Unlike the computers we work with, we human beings are not emotionless robots who can work to capacity indefinitely.

At some point, our fuses blow and we experience burn-out and/or mental health issues.

My own journey with depression

In my early twenties, I was diagnosed with Clinical Depression, a common, but serious mood disorder which can be extremely difficult to cope with and, if not managed effectively, can greatly reduce your quality of life.

Despite this, I built and sold an MSP business, all the while pushing myself harder and faster against the depression, a perceived hindrance to my productivity.

After selling my business and slowing down, I became much more aware of my depression and how to manage it in order to lead a full life.

This awareness of my own mental health has also opened my eyes to the challenges we (perhaps even you, reading this now) as an industry face.

Managed Services and Mental Health

A few months ago, I gave a presentation to a Managed Service Provider (MSP) conference about my own struggles with mental health.

I shared with the audience that statistically, 1 in 4 people suffers from a diagnosable mental condition in any given year.

After my presentation, I was encouraged that a number of men and women from the audience quietly approached me to share that they were struggling with their own mental health, and that they were almost relieved to find out that they were not alone in struggling.

Which leads us to the question, if so many of us are experiencing mental health challenges, what can we do as an industry to help?

You Are Not Alone

I believe that the first thing we need to do as an industry to help with mental health challenges is remove the stigma and raise awareness of the issue.

If you run an IT business, then I’d encourage you to speak openly about mental health and encourage your staff to approach you if they would like to talk.

I speak from experience in saying that once you’re able to talk to somebody about your mental health challenges, it is far easier to manage than to suffer in silence.

As human beings, we need connection. We need to be heard and understood. And letting people know they are not alone is the first, great step.

Technology for Mental Health

In my book, “The IT Business Owner’s Survival Guide” ( I encourage fellow technology fans (of which, I’m the world’s biggest geek!) to regularly put the tech down, to take time out and to give your mind a rest.

I stand by this advice, but technology can also be a great tool to use in the fight against poor mental health.For instance, within my own business, we use a tool called Geekbot ( which allows our remote team to check in and share their mood.

Every week, we also use Slack for a “Truth Tuesday”, where colleagues are encouraged to share how they are feeling.

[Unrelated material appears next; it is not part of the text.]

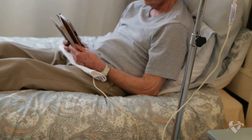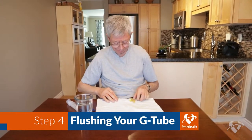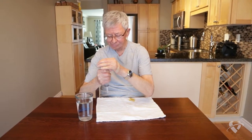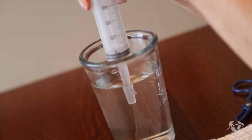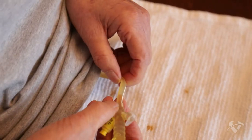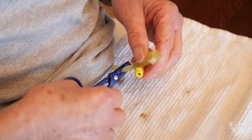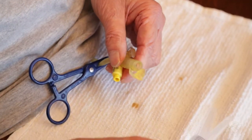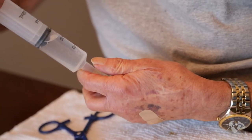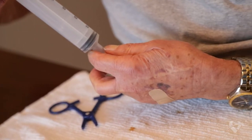Place the towel on your lap. Flushing your g-tube before feeding yourself helps to clear anything that might be blocking it. Using your syringe, draw up the recommended amount of water or at least 30 milliliters from the container. Clamp or pinch the g-tube with your fingers to prevent stomach content from leaking out. Uncap the feeding port and insert the tip of the syringe.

Even an emoji response to this question can give you an indication of whether your colleague needs a helping hand.

Another piece of tech I’d recommend is the Moodbeam Smart Wristband ( Moodbeam is a UK business that enables you and your friends, family and colleagues to monitor your emotional wellbeing. As well as making you more mindful of your own mood and triggers, Moodbeam enables you to share your data with trusted 3rd parties — a great way to enable your friends and family to check in on you.

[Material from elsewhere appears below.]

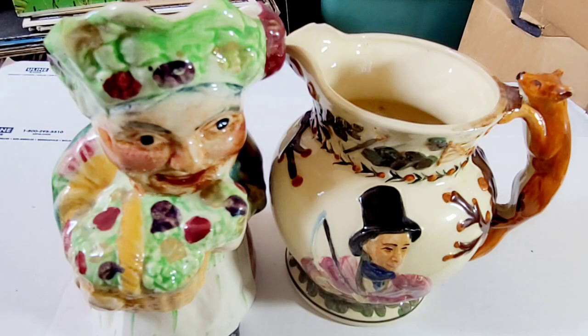Well, not these — I'll tell you that. These are called Toby Jugs, and these were handed down through the family. These were my grandparents'. I'm not sure when they got these, or if they received them or bought them new.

So, while technology can cause a great many of our stressors nowadays, it can also be used to help monitor our mental health and provide support.


The IT industry is ever changing, and while many of us thrive on this constant stream of change, it can also prove to a stressor that damages our mental health.

It’s important that we, as the IT industry, embrace the growing awareness of mental health challenges and offer help to our friends, family, colleagues and peers.

By speaking openly about the mental health challenges that we *all* face, we can change the perception of mental health, improve people’s ability to cope and save lives.


Richard Tubb is one of the best-known experts within the global IT MSP community and is the author of “The IT Business Owner’s Survival Guide”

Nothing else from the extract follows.